Betim & Contagem - Production and Location
Deborah Suter, Francesca Wyser
Belo Horizonte is the third biggest city in economical terms in Brazil and the one with the highest growth rate. Traditionally the region was devoted to mining, and the city emerged as an important industrial center. Today the production industry only contributes to around 15% of the city’s GDP but its presence in the city is still vivid. Belo Horizonte was in a way deliberately created as a center for alternative economical activities not (only) directly dependent on the mining industry that had evolved and dominated the surrounding area and the state of Minas Gerias during the last centuries.
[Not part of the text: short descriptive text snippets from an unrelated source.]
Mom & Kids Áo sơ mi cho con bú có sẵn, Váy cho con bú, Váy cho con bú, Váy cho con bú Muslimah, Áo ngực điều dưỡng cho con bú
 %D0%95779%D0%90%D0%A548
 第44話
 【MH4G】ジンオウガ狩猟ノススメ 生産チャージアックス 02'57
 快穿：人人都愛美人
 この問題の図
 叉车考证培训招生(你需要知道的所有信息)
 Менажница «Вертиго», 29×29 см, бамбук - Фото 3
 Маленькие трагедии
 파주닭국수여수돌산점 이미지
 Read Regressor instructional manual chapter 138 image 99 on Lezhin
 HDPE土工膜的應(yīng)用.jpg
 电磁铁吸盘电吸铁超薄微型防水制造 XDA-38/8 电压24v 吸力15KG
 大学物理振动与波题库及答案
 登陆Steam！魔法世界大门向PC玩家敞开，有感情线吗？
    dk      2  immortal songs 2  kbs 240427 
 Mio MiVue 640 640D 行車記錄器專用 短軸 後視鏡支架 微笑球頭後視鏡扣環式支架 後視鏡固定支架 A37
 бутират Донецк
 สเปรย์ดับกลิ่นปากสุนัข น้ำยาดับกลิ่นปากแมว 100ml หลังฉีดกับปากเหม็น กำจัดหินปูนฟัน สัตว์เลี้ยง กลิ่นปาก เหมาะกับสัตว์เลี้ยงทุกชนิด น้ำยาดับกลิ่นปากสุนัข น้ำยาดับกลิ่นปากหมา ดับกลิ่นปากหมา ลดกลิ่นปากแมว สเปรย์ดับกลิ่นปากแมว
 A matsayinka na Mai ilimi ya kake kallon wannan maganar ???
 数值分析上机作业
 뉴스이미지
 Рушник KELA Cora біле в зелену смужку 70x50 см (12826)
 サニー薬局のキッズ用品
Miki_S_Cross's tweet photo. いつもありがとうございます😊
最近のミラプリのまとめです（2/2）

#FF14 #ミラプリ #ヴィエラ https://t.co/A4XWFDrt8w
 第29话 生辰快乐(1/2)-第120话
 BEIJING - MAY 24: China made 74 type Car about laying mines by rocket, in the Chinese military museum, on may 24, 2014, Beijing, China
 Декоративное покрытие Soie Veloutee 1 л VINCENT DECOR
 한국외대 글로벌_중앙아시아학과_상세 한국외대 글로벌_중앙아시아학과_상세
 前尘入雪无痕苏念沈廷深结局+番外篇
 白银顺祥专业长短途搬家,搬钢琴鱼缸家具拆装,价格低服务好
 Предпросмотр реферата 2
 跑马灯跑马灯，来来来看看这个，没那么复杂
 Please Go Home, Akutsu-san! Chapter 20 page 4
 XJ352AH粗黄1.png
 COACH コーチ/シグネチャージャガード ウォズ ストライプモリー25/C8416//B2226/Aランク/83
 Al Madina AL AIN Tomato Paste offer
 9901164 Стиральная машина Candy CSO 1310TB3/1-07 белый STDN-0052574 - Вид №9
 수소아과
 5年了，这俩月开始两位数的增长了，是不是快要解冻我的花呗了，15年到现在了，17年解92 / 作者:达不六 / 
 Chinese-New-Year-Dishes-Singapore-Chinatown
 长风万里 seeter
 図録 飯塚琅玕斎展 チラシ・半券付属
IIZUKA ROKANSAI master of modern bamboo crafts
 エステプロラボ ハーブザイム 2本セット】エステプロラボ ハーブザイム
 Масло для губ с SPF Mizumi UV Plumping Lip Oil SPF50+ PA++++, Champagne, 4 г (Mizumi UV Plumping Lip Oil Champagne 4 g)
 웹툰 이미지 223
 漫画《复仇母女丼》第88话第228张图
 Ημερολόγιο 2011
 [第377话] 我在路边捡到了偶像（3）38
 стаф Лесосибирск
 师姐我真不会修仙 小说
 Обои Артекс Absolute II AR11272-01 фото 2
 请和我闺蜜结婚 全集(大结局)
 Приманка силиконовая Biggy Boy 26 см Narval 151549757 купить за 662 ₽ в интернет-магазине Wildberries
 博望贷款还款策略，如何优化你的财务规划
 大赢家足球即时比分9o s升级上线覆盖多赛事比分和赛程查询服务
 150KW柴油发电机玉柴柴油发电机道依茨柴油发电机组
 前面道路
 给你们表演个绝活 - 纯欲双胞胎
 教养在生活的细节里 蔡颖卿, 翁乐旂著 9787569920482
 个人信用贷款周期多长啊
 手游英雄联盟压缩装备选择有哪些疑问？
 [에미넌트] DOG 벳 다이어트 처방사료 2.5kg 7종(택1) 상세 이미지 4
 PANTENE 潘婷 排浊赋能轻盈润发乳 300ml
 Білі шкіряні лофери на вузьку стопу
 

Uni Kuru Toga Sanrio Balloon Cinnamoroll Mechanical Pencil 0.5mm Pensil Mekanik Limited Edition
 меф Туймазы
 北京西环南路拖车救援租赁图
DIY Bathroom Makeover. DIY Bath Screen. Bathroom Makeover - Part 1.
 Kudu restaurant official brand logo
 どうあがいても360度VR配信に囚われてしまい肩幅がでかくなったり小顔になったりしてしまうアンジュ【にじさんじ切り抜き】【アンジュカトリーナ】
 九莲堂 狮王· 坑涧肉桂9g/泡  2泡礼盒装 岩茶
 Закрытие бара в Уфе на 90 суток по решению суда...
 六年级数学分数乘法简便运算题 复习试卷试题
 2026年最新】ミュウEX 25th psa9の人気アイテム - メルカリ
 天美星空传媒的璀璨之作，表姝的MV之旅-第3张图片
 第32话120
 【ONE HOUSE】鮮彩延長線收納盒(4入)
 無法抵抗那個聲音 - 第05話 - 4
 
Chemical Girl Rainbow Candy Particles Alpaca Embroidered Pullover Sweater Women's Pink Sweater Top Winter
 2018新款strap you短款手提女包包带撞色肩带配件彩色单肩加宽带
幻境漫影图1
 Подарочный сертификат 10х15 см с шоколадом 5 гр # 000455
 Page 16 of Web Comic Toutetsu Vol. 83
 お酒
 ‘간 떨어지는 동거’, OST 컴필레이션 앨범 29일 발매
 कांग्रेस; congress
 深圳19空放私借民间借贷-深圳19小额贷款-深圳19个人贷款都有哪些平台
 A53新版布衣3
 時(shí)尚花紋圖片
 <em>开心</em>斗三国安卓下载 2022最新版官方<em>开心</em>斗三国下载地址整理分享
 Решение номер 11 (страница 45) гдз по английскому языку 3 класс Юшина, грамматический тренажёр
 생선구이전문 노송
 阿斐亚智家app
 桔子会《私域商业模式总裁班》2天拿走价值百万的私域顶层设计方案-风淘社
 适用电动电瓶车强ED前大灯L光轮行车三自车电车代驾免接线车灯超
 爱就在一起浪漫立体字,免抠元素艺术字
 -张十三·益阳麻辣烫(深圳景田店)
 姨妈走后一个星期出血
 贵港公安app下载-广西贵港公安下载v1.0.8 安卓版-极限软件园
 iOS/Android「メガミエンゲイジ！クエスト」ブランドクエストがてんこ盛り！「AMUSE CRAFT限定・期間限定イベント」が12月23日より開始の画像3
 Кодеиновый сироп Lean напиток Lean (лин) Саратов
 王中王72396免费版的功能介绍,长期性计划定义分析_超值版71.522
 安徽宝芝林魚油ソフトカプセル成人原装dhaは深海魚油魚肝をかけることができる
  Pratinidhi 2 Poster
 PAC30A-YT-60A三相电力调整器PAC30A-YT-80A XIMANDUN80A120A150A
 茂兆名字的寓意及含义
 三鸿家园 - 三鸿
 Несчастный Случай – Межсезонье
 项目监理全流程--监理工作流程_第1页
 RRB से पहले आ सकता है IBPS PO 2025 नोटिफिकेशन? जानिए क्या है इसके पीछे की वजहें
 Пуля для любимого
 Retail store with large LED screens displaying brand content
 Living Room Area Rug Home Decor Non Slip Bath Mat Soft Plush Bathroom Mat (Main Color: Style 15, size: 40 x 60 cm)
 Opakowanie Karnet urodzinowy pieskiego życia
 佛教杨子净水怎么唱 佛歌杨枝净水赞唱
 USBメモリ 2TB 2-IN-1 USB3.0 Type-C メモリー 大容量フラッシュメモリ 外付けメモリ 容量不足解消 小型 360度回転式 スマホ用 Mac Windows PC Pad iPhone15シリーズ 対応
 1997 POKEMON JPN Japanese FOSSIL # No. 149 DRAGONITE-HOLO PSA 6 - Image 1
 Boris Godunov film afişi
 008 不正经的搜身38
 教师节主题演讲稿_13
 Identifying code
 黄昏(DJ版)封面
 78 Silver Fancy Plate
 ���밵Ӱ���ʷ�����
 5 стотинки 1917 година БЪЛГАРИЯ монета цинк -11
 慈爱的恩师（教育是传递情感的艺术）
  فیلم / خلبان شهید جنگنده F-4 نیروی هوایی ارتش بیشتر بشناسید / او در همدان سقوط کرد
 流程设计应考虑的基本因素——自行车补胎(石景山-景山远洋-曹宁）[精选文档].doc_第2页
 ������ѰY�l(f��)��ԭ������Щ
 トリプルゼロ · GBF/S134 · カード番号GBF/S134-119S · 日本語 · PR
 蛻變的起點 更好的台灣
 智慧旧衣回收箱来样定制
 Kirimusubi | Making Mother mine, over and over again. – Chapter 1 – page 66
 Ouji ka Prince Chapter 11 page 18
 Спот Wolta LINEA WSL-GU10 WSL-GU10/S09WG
After the creation and realization of the first city plan with its orthogonal urban blocks, the ‘suburban belt’ and supporting agricultural areas of the city soon failed in hosting the growing population. With the intention to support the economical and industrial development urban areas like the hexagonal plan of the Industrial City in Contagem (1940’s) was implementation continues with one of the later examples being the Fiat plant in Betim. In the case of Fiat their policy to demand a ‘just in time’-system of subcontractors consequentially led to a whole production network of support industries to the car industry developing in and around Belo Horizonte. Driving out of the city along the westbound road of BR-381 the Contagem Industrial City, Petrobras, and Fiat dominate the landscape, but it’s also clear that the use of the land has partly been changed and one reads instead of several dispersed entities one continuous urban fabric, as the housing has consolidated all the separate pieces together. Questions being sought to address in this work relate to this ‘second economic surge’, and how it has changed and organized the territory in and around the city. The different kind of urban ‘spin-offs’, legal or ill-legal land occupations and infrastructural measurements these industrial areas generated and generate, financed by private or public means, have also been investigated. With the tendency today being an economical orientation towards the service sector, information technology and biotechnology, one also wonders if and how these older areas are changing, i.e. what their vitality is to the city today.